Work instructions →
Write only the number of lines below in which "Plastic" occurs.

=-=-=-=-=

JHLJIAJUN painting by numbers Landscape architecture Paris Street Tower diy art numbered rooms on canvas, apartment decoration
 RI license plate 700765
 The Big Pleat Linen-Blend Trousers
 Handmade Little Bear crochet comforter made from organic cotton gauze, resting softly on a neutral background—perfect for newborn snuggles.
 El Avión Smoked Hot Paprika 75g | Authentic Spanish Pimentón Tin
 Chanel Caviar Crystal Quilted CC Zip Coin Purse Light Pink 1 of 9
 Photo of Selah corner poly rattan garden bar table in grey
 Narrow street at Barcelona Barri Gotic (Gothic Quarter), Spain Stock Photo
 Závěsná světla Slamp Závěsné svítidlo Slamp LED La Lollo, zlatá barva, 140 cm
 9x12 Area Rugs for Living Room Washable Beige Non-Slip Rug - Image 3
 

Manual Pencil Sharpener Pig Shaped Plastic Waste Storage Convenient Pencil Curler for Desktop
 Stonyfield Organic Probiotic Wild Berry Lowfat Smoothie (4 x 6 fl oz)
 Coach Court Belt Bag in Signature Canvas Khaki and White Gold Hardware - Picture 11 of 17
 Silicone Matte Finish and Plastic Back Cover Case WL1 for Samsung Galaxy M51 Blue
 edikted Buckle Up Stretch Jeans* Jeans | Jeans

=-=-=-=-=

Reply →
2